Nature gives us those gifts, perhaps enhanced in some, but it is nurture which teaches us how to use them. We are taught and in the process we are moulded; religion, circumstance, politics, tragedy, triumph and formal education all add to the mix and make us what we are. How sad then, that most of us are, frankly, rubbish. We struggle and strive and imagine we are doing all we can and then, when we don’t get the reward we believe is ours by rights, we mostly stop trying to be the best and settle for mediocrity (though convince ourselves otherwise).
We see others apparently rewarded for failure, we see leaders followed by blind acolytes and we form a set of beliefs from which it is almost impossible to escape. Each side blames the other and is unable to see their own complicity in the complex realities of human life. A couple of nights ago, I heard a segment on LBC whereby the caller’s litany of Tory failings was refuted by the presenter using generally easily verifiable arguments. Every accusation was met with an easy answer and in every case that charge was dropped without comment and another wheeled into battle. It didn’t matter what the truth was, she was not going to be dislodged from her firm position that the Tories were responsible for every evil in the land.
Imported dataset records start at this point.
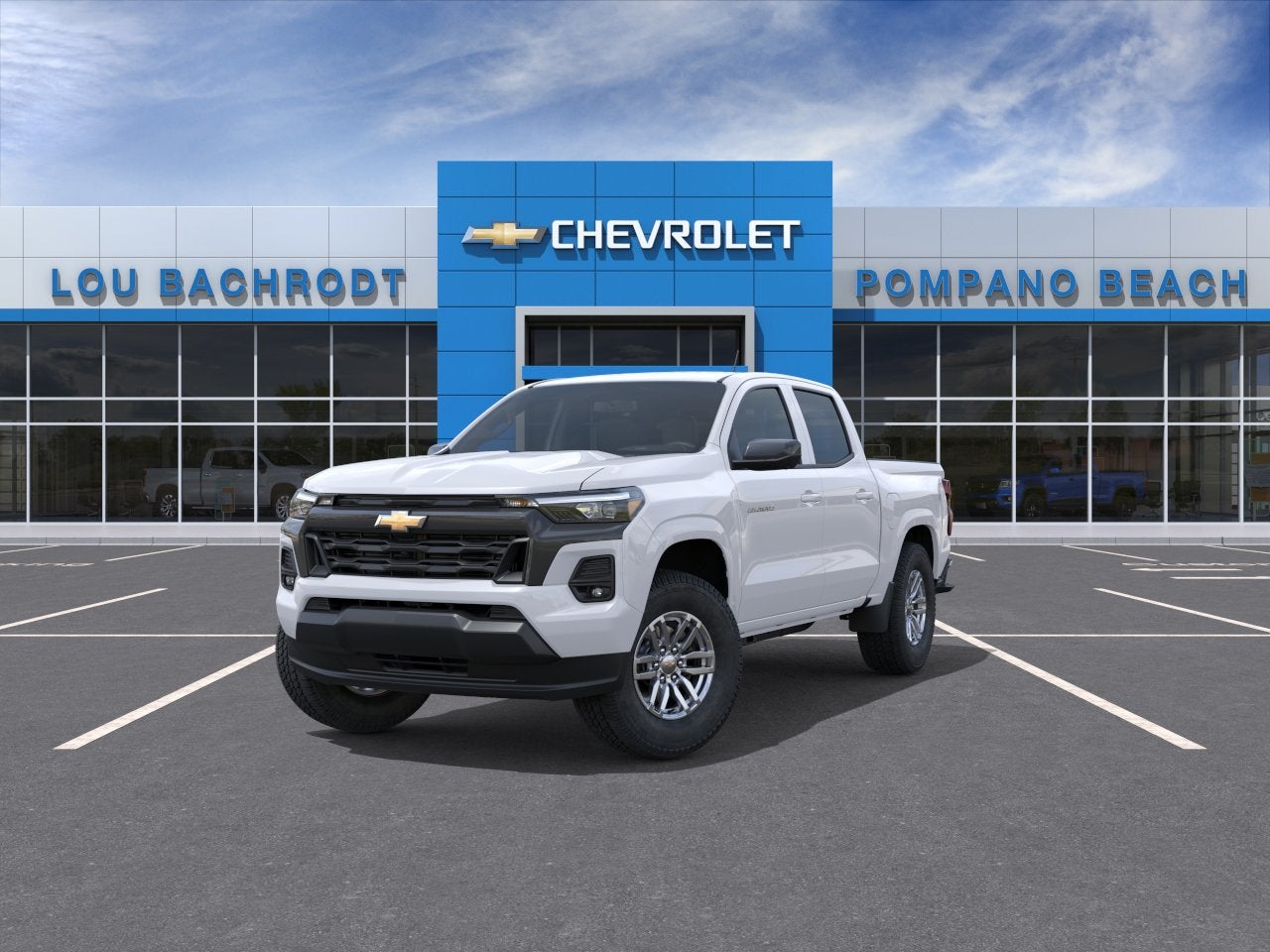 2026 Chevrolet Colorado LT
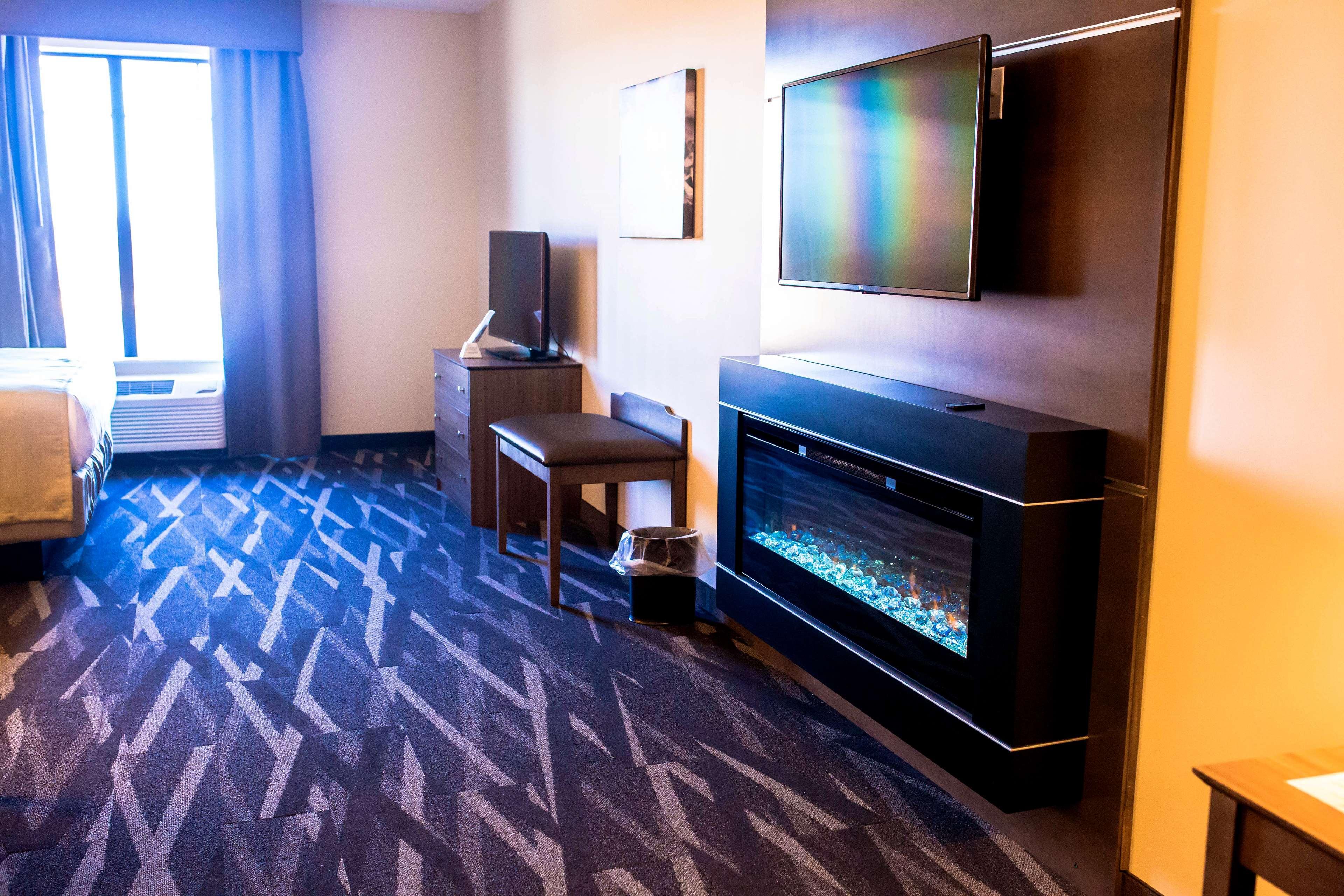 Best Western Plus Centralia Hotel & Suites Eksteriør billede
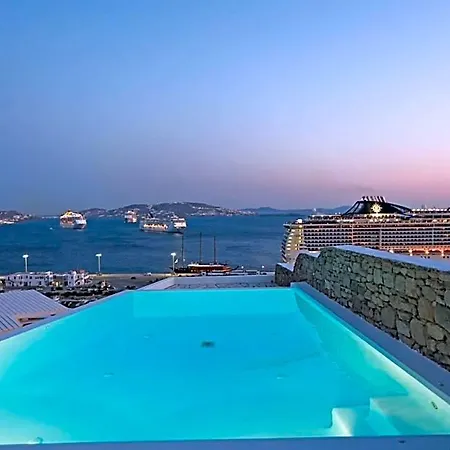 Adikri & Mykonos Town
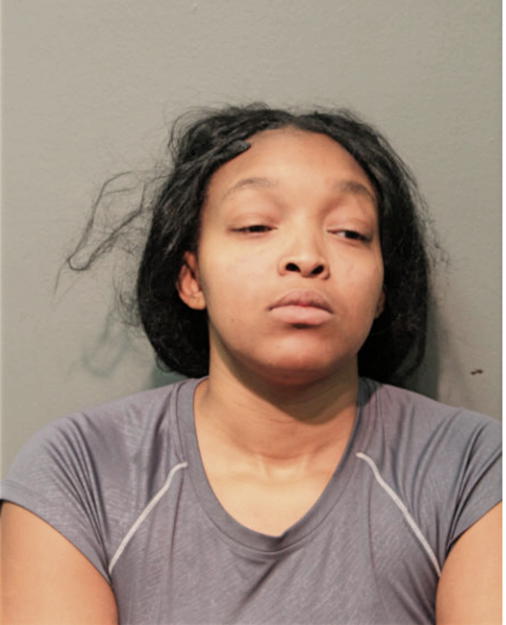 ASHLEY HAMPTON, Cook County, Illinois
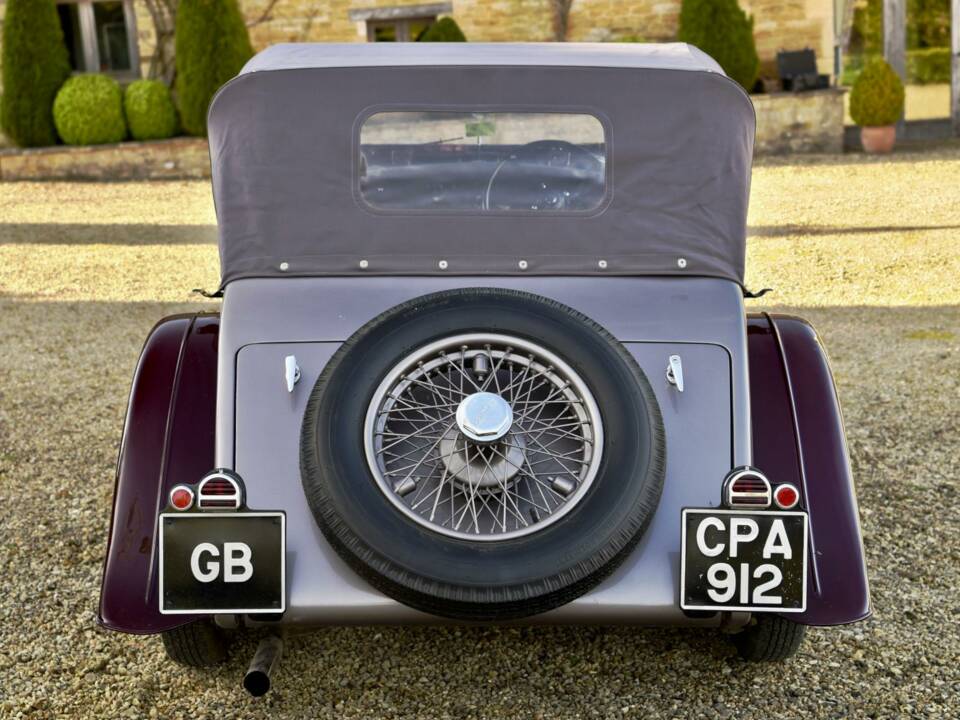 Image 11/35 of Bentley 3 1&#x2F;2 Litre (1934)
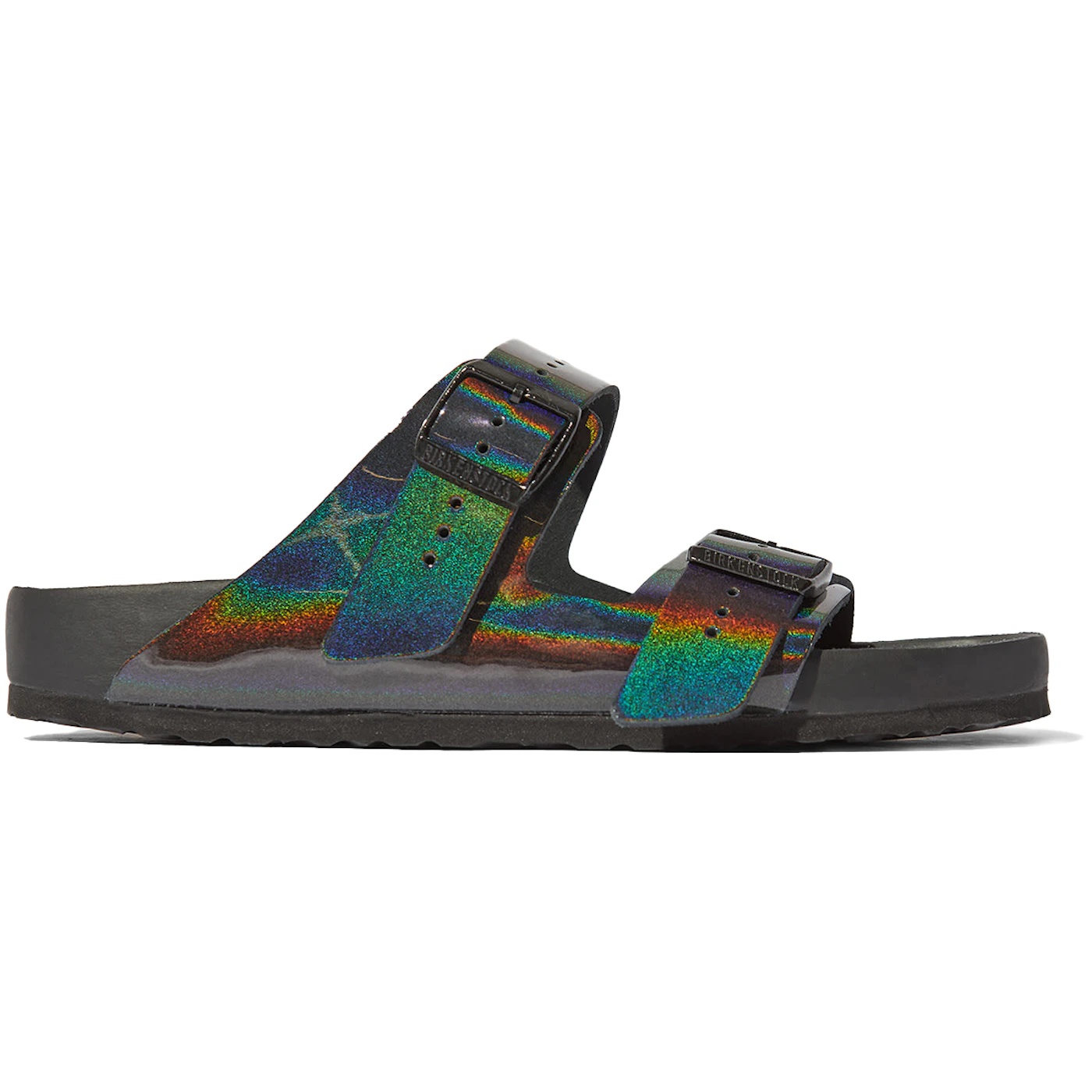 Birkenstock Arizona X Rick Owens Iridescent 2 Birkenstock Arizona X Rick Owens Iridescent 3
But the most astonishing holy tenet was that Jeremy Corbyn would somehow right all the wrongs, nationalise – and thus cure – all essential industries and spread bring joy and peace and fairness all around. Presumably on the seventh day he’d take a nap. It seems that people are not only incompetent in themselves, but incompetent in grasping reality. And desperate in their need for others to be competent where they are not. Carillion is not the fault of any individual; its collapse was through the collective feeble endeavours of too many people not being quite capable enough. To err is human? Too right.